Is the age of car ownership coming to an end?
The car has always been seen as a symbol of freedom. For young adults learning to drive it can often be the first time they make an effort to break away from the family home and it really becomes the first time they can go anywhere without their parents’ knowledge. Of course thanks to telematics and sky rocketing insurance prices, that traditional coming of age event is harder and harder to come by, but when driverless cars arrive, we may not need it anymore anyway, since anyone – potentially with some age limits – could hire a driverless car to take them anywhere, for far cheaper than a taxi costs because there’s no driver that needs to be paid.
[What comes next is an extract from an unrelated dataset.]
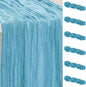 6 Pack Baby Blue Cheesecloth Table Runner 35x120 Inch 10Ft Rustic Gauze Cheese Cloth Table Runner Sheer Cheesecloth Table Runners for Wedding Party Bridal Shower Decoration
This is the future that researchers from Texas think we’re heading towards, one where driverless car technology is combined with a service like Uber, which makes it easy for anyone to hire a car (and driver, currently) to take them wherever they want to go and back again if needed. What makes the package efficient, is that the driver and car can do something while you’re completing whatever task you drove somewhere to do, returning only when you need a pick up. A driverless car hire network like that could work the same, only without the need for a driver.
The fact that the car hire network could keep operating between jobs is what would make it so revolutionary. Currently, most cars spend most of their time waiting for us to use them. Unless its a taxi, lorry or some other professional vehicle, most of us leave our cars on the drive at night and at work during the day. With a world full of driverless cars though, we could get dropped off and picked up from work without the need to pay for all of that time the car is just sitting there doing nothing, as it is now.
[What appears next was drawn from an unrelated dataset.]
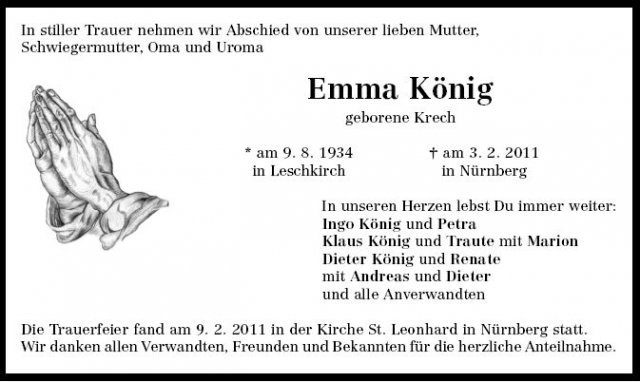 Krech Emma 1934-2011 Todesanzeige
Of course, a system like this isn’t suited to everywhere. It’s a model that works very well in a city, where lots of cars are available all the time for fast pick ups, making the waiting time of a few minutes worth it compared to having to own your own car – something a lot of people don’t do in cities anyway. However, it becomes far less useful if you’re out in rural areas, where you might have to wait a while for a car to arrive. As an ongoing contract it might work, but it certainly wouldn’t be as cost efficient doing longer journeys.
Fortunately, we have plenty of time to figure all of this out, as driverless cars aren’t expected to really take off until we enter the 2020s, but we’re taking baby steps towards that future every day. It’s going to be interesting to see how it turns out.